On Tuesday, February 5, 2002, at 10:10 AM, Jay Carlson wrote:
(Quick background for the list: Because there's such a large code size
penalty to PIC/abicalls, I resurrected the bad old Linux/SVR3
statically linked, dynamically loaded libraries, which are linked at
absolute locations. Shane Nay took this from a cute demo to a working
distribution for the Agenda VR3; Brian Webb helped. Typical code
reduction is ~25-40%, eg 391k->272k.)
Oh yes, performance. Apps on the Agenda VR3 built in the snow ABI are
dramatically faster/more responsive. If you don't believe me, go search
the agenda-dev list and read the testimonials :-)
I don't fully understand why, though. Here are my speculations; bear in
mind that the VR3 and some of the other small boxes have 16-bit memory
interfaces with small i/d caches.
1) Better icache efficiency.
2) Fewer loads (and stalls) to get typical work done. In PIC, you need
a load per symbol reference, and that's every function call.

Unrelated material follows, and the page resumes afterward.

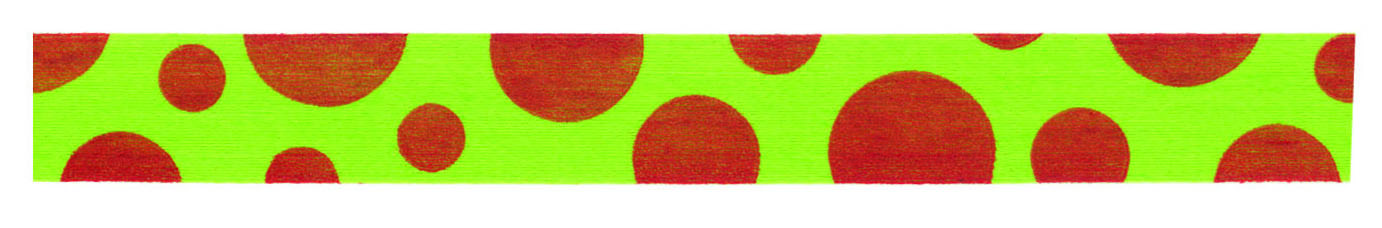 Hot Dots Lime & Red Cotton Curling Ribbon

3) Better dcache efficiency. The GOT no longer needs to be hit for
those symbol references.
4) Reduced TLB usage. The GOT pages for each module are quite hot, so
now that we're no longer touching them, their 4k (ouch) TLB entries can
point somewhere more useful.
5) No symbol resolution at load time. For C++ apps, this can help
startup a lot. (prelinking fixes this too)
6) Better scheduling from gcc. egcs seemed to do a better job of
arranging loads ahead of use when building non-pic; on the TX39, this
helps even more due to non-blocking loads.